Member Reviews
McCarthyism Handled Like a Pop Thriller
The “Preface” describes how the author “grew up in the 1980s” at near “the end of the Cold War”. I don’t think it ended that early. Whenever, anybody meets me out here in Quanah, TX in 2024, they only ask where I’m from, waiting for me to say “Russia” before refusing to say anything else, as if I’ve confessed to being an enemy-commie. I felt so ostracized across high school and college in Massachusetts that I rebelled by making my Honors College graduation speech in Russian. A few dozen people followed my example by making their remarks in their own languages because they obviously experienced similar xenophobia or fear of otherness. Americans seem to live to ostracize people, and to find any fault to harass, or intimidate, or to fire-without-cause, or to not hire “others”. Anybody who taps into this thirst to hate “others” tends to be given a pulpit to spew hatred. McCarthyism is just one of these hatred-propagandas that still resonates in the nonsensical tirades among Republicans against “socialists”, while they are themselves making many by-definition “socialist” arguments to win voters, while sneaking in anti-populist policies that repay their bribing donors… It’s getting a bit late, as I near the end of another day, so I’ve digressed here…
The “Prologue” describes the features of a woman before stating that she is testifying before the Un-American Activities committee in 1946. An FBI report “described her as ‘believed Jewish’”: in other words, they failed to do enough research to figure her ethnicity out. The narrative does not address this, as it digresses into random info about where she worked, and what she did. A transcript dialogue from this hearing follows: at least these are evidence-based quotes, unlike some other non-fictions that just make up conversations that never took place. The dialogue allows this woman to not submit her evidence, and then she is held “in contempt of Congress”. This threatened her imprisonment, and it passed this Committee: “7 to zero”. Then, the author explains that this example became “numbingly common” in the following decade, as random “school teachers movie stars, longshoremen, and diplomats” were brought in for this “degradation ceremony. If they refused—to hand over documents, to name names, to admit membership in the Communist Party—they went to jail.” While this is a good way of summarizing this case, the lack of concrete details about what these people did that made them targets, and what evidence were used against them makes this a very paranoid narrative that fails to accuse the villains of specific misdoing. This seems to be designed to scare modern readers of potential similar mass-imprisonments by Trump without any rational explanations, as opposed to merely frightening readers of America’s past misdeeds.

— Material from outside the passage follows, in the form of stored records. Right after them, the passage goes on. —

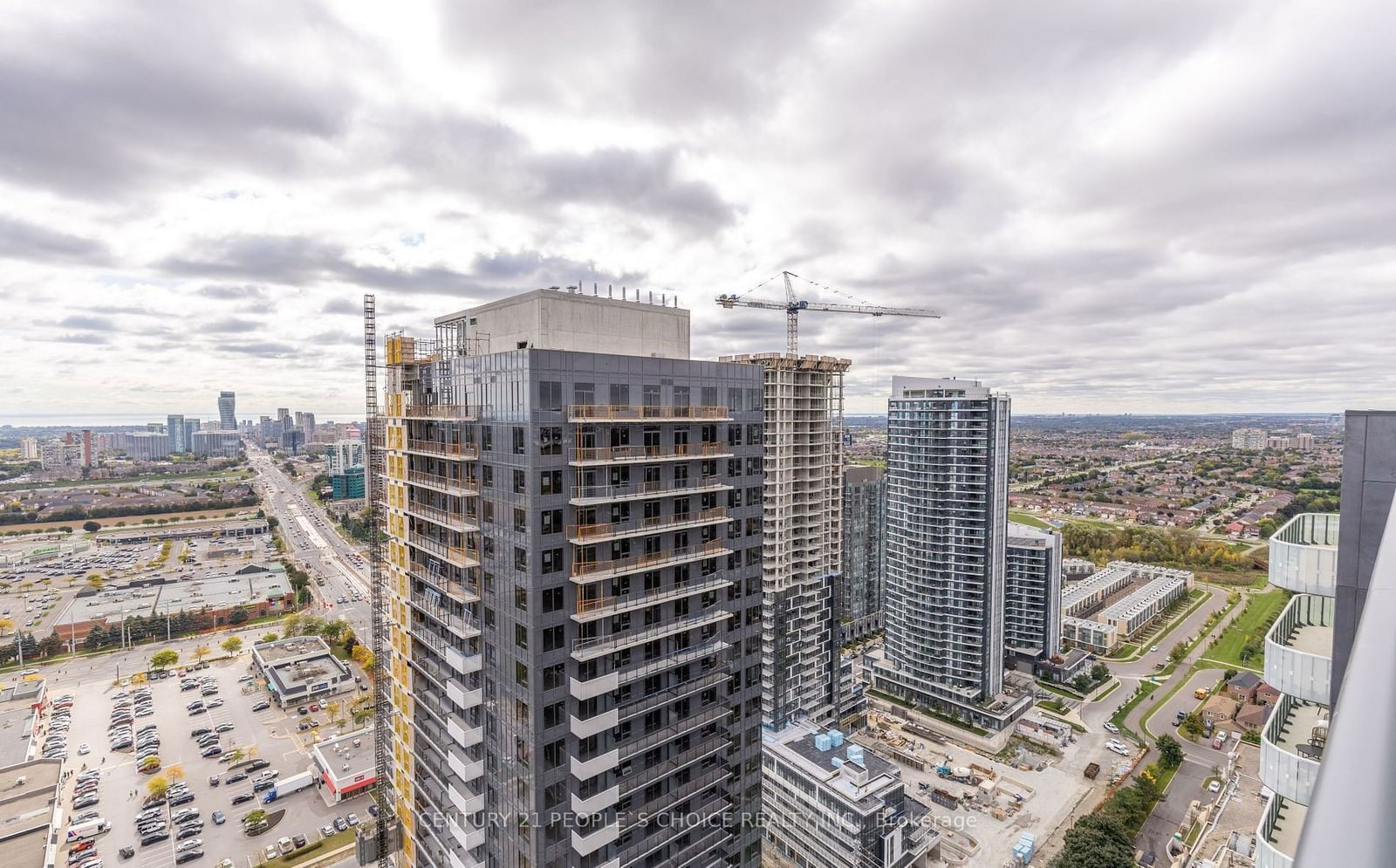 Mississauga Square Condos, Mississauga, Toronto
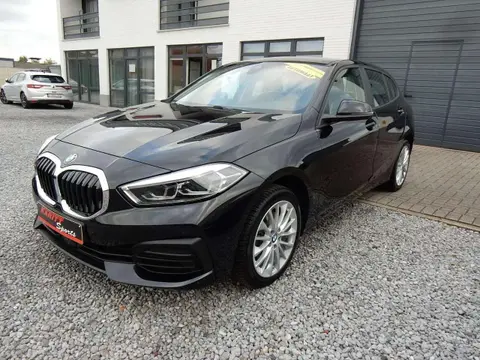 Annonce BMW SERIE 1 Diesel 2023 d'occasion 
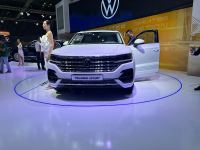 Bán xe Volkswagen Touareg Luxury 2.0 TSI 2024 giá 3 Tỷ 99 Triệu - Hà Nội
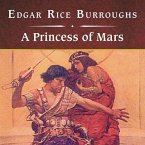 A Princess of Mars, with eBook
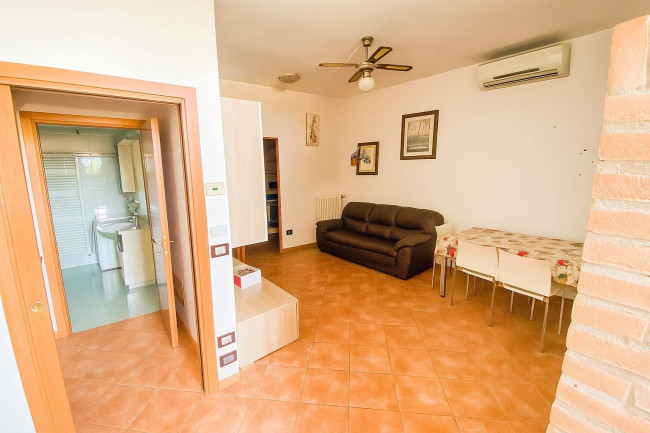 Apartment for rent in Ferrara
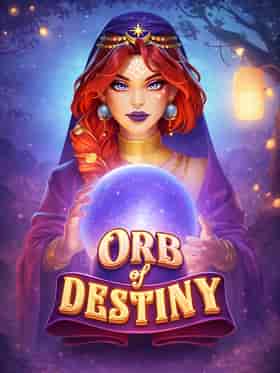 hacksaw/orb-of-destiny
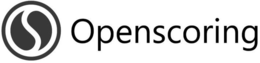 OPENSCORING trademark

“1: A Blue Envelope” echoes this problem as it starts with a visit, and a portrait of how people looked, and what they did: these seem irrelevant because they are given before the author clarifies what these characters are going be accused of or accuse others of. The story is framed like a pop fiction narrative: “Savile Row suits. Homburg hats. Cream-white shirts….” What does this have to do with the prosecution of innocent people? This is an incredibly annoying book to read for anybody who has been exposed to such mistreatment, and who are looking to understand it with a detached, researched perspective (which is missing in this book). I do not recommend folks to try to read this. It’s a tough hill to climb.